Other uses of facebook are under scrutiny by psychologists (too lazy to site, too easy to google). To sum up a bit, people mainly post or scan. Facebook seems to have a postive effect on active posters, though it enables their narcissism. People with low self esteem will post depressing news or vaguebook for soothing comments, and they will get more depressed by the negative feedback they deservedly get. Meanwhile, those who spend most of their time scanning their news feed will get unhappier, anxious, bored, and jealous.
So the narcissists are posting juicy snippets from their lives which causes envy from the passive scanners. Compulsive people get more compulsive, depressed people get more alienated, addictive people get addicted.
And the husbands are living with sonambulists. Guys, say it with me: "put down the damn phone before I throw it out the window!"

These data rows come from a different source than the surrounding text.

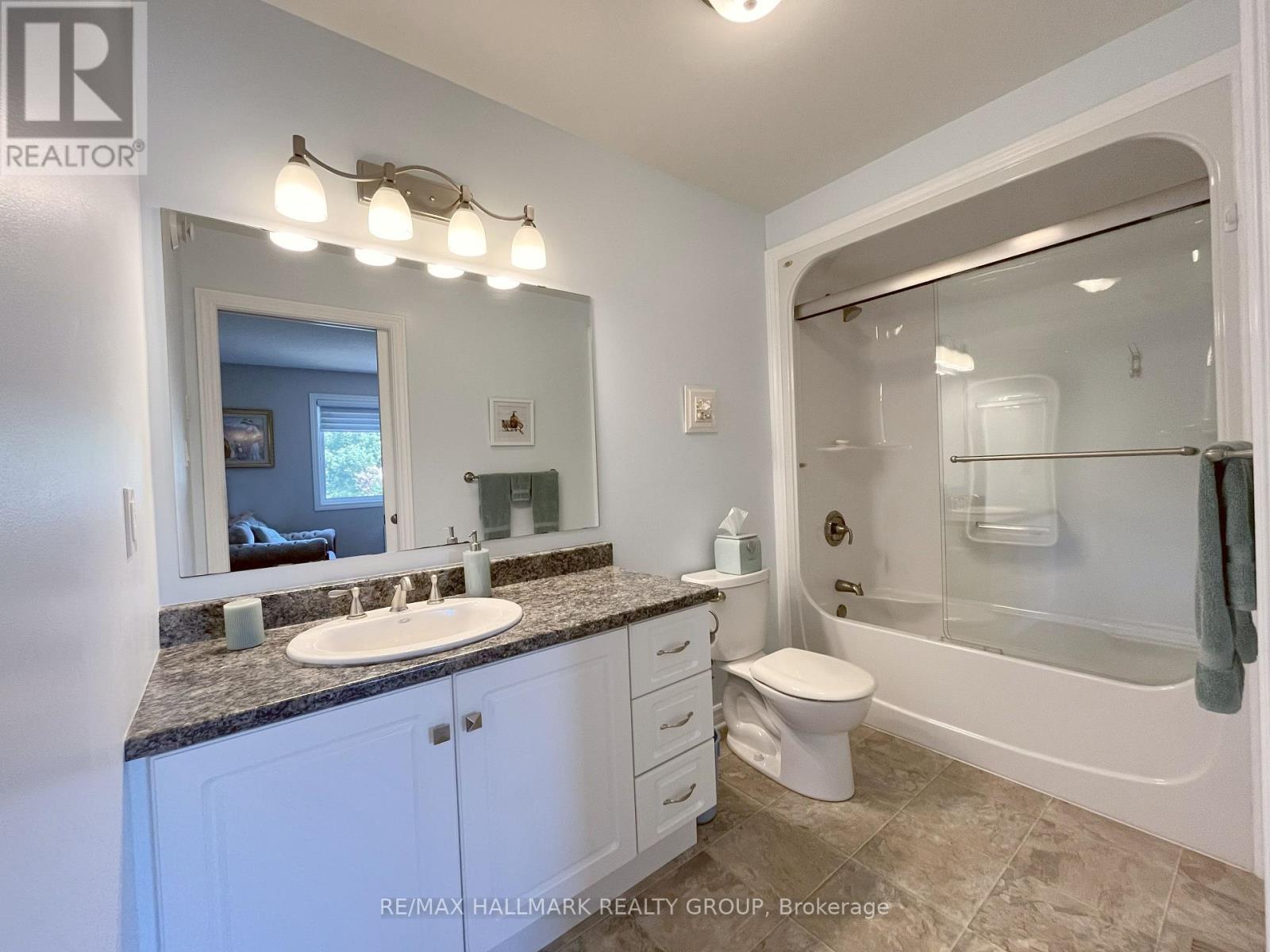 406 VAN DUSEN STREET N - 30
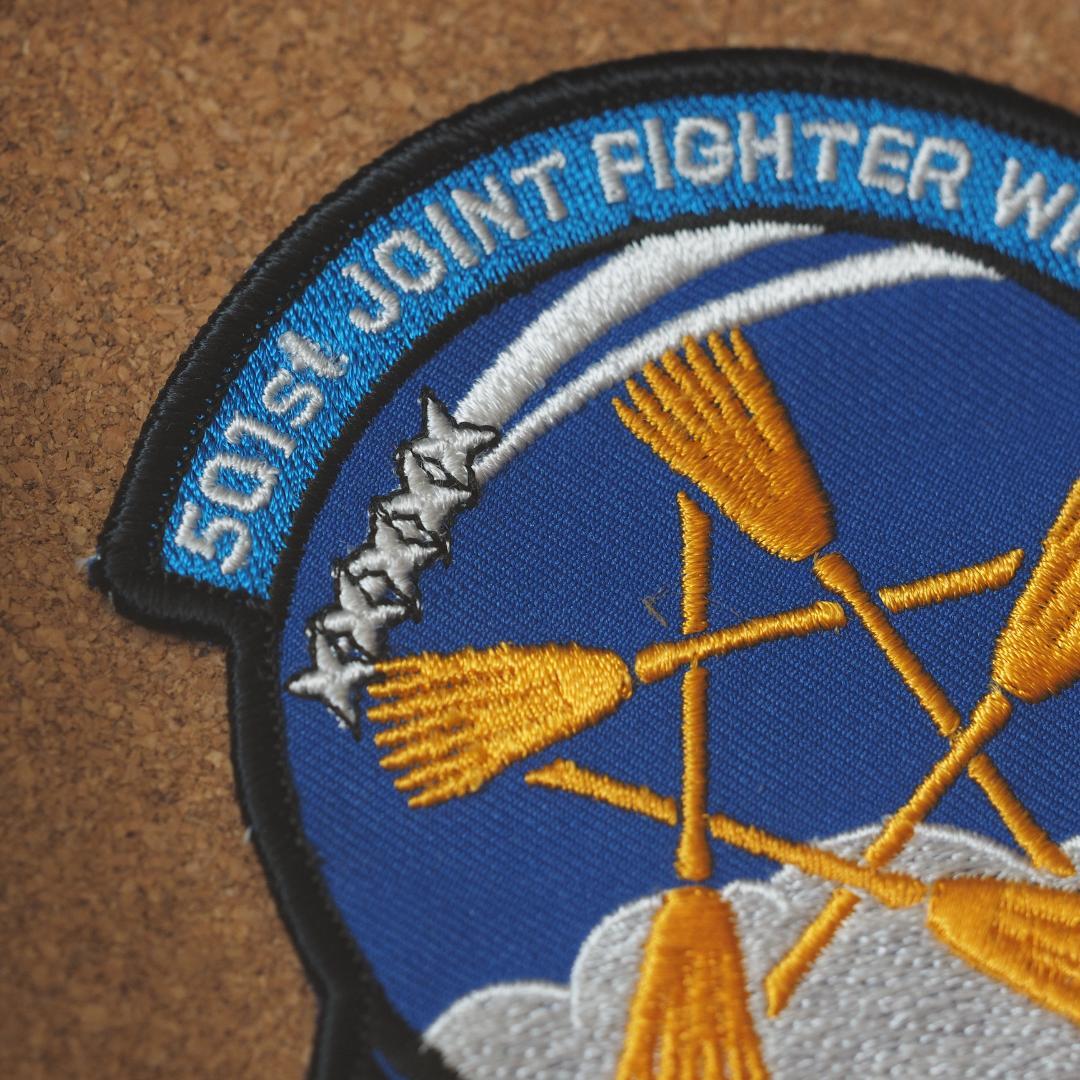 ストライクウィッチーズ 特典 部隊章ワッペン 501 507 額縁付き - メルカリ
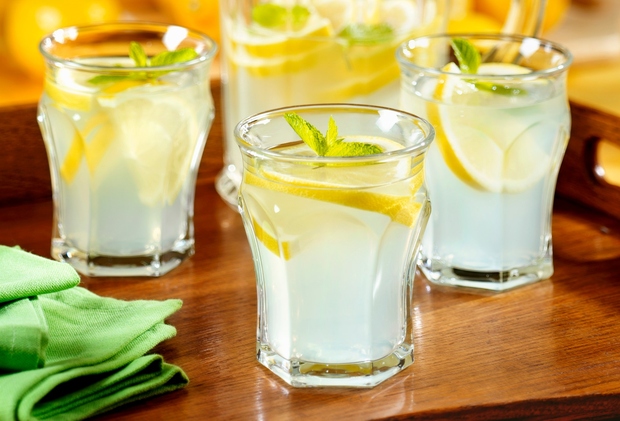LIMONADA Vsi citrusi lahko zaradi kisline poškodujejo zobno sklenino, limone pa naj bi bile po mnenju strokovnjakov na prvem mestu. …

update: for those wary of foreign foods, banh rieu is a soup with lumps of crabmeat, plain rice noodles and a clear/reddish B.O. flavored broth severely lacking in salt but brimming with either cilantro or an unspeakably awful Vietnamese herb. I'm vouching that many Westerners can't eat it, and I severely doubt that any Westerner would knowingly order it or crave it like the Vietnamese. Let me know if I'm wrong!
Saturday, July 26, 2014
I was pretty shocked when Kurt Vonnegut wrote himself into his book "Breakfast for Champions." He met with his character and said something to the effect of "Sorry things haven't been going well for you, but they are about to get much, much better." If only we had that sort of assurances in real life. I'm amazed my character can still hang in there.
Thursday, July 24, 2014
This is a much abused phrase. We Westerners use this when a loved one at a restaurant gets up suddenly and starts throwing knives at random patrons: "WHAT'S WRONG WITH YOU???" The wife uses this to counter such mundane phrases as "honey, I can't find the scallions" to "honey, I've got a headache" and "wow, what a beautiful day!" It stings a bit, though she has no idea why--to her, it's a perfectly acceptable phrase, manic inflection and all.
Sunday, July 20, 2014
Today we did this again. "You never take me anywhere!" "So let's go." "We have no money!" I mentioned that even families who make less than us and have four kids manage to go to Disney World. She said they get lots of tax write-offs.
Thursday, July 3, 2014
This is how she cooks every time, and the vast majority of the time it's fantastic. The rest of the time it's a totally new invention, like cake cookies or banh xeo soup, and once or twice she accidentally cooked a living blob creature that chased us around the house.